A 3-step approach is used to apply the arm’s length principle in related party transactions:
Step 1 – Conduct a comparability analysis
Step 2 – Identify the appropriate transfer pricing method and tested party Other than profit split method, the use of the other transfer pricing methods would require a decision on which party to apply pricing analysis. This party is known as the tested party.
Step 3 – Determine the arm’s length results
IRAS is prepared to accept use of ranges, such as an interquartile range to determine an arm’s length range provided that the comparables are reliable.
Mutual Agreement Procedures (MAP)
MAP is to provide an amicable way which competent authorities may eliminate double taxation. In a MAP, IRAS would apply its best efforts in eliminating double taxation. A request for MAP is generally accepted by IRAS if , a) it is within the time specific in the DTA b) there is double taxation c) full cooperation is extended by tax payers.
Advance Pricing Agreements (APA)
An APA allows a taxpayer to determine a set criteria to ascertain transfer prices of specific transaction for a specific time frame. IRAS makes APA facility available to tax payers who are engaged in cross border related party transactions. Thereby, allowing certainty and an effective way of resolving transfer pricing issues.
The provisions stated in Singapore tax treaties and Income Tax Act enables requests from tax payers for APAs and to enter such agreements which include unilateral and bilateral APAs.
Transfer pricing for related party loans and services
The IRAS has issued transfer pricing guidelines for related party loans and services in 2009.
Related Party Loans
The comparable uncontrolled price (“CUP”) method is the preferred method for determining the arm’s length pricing for interest for related party loans. To determine the arm’s length interest rate, some factors to consider include:
a) the nature and purpose of the loan, market conditions at the time the loan was granted,
b) the principal amount,
c) Tenure and terms of the loan,
d) Interest rate prevailing at the sites of the lender and borrower for comparable loans between unrelated parties
It is suggested that suitable reference rates, such as the Singapore Interbank Bank Offered Rate (“SIBOR”) , the London Interbank Offered Rate (“LIBOR’), prime rates offered by banks or specific rates quoted by banks.
Related Party Services
IRAS is prepared to accept the charging of the routine support services at cost plus 5% mark up provided that the following routine support services are only provided to related parties such as accounting and auditing services, general administrative services and staffing and recruiting services.
If there is a cost-pooling agreement, IRAS is prepared to accept that services are charged at no mark-up provided that the following criteria are met;
a) The services are not provided to any unrelated party;
b) The provision of the services is not principal activity of the service provider, If the cost of providing the services does not exceed 15% of the total expenses of the service provider for that year, the services will not be treated as the principal activity;
c) Documentation showing that the parties intended to enter into the cost pooling arrangement before the provision of the services.
Documentation
The objective of maintaining documentation is to make sure that taxpayers exercised reasonable efforts to ensure that its transfer prices are consistent with the arm’s length.
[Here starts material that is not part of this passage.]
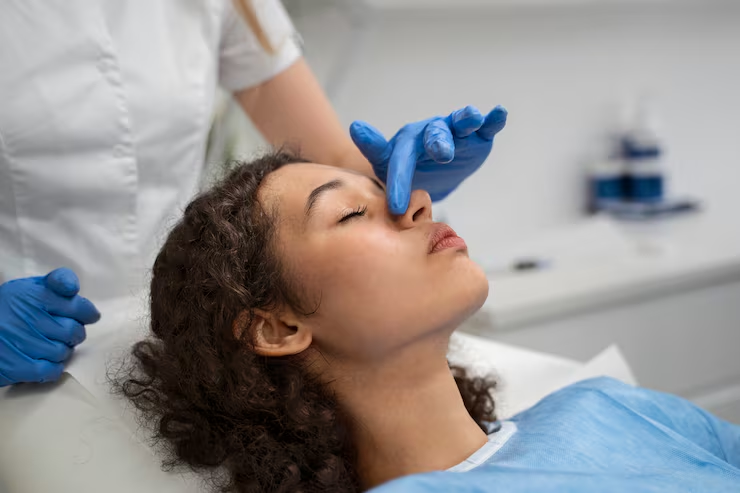 Nose Filler London: The Consultation Questions That Lead to More Natural-Looking Results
This is to facilitate reviews by IRAS on taxpayers’ transfer pricing analyses and assist in resolving any transfer pricing issues that may arises.
a) By keeping adequate documentation, the taxpayer has further discharged its burden of proof that it has compiled with the arm’s length principal to put the tax payer in a better stead to defend its transfer pricing analysis and prevent transfer pricing adjustments arising from reviews conducted by IRAS;
b) In considering taxpayers’ application for Mutual Agreement Procedures (MAP), IRAS would assess the quality of taxpayers’ documentation. Taxpayers who have not prepared adequate documentation may realize their application for MAP rejected or transfer pricing issue would be difficult to resolve.
There is no deadline for the preparation of documentation. The documentation should be readily available should IRAS requests for further clarifications.
Penalties
Understatement of income penalties range of up to four times of tax underpaid and fines applies. Mitigating factors for penalties includes good transfer pricing basis and documentation.
IRAS believes in consultation and cooperation with taxpayers as a mutually beneficial way to assist taxpayers with its compliance.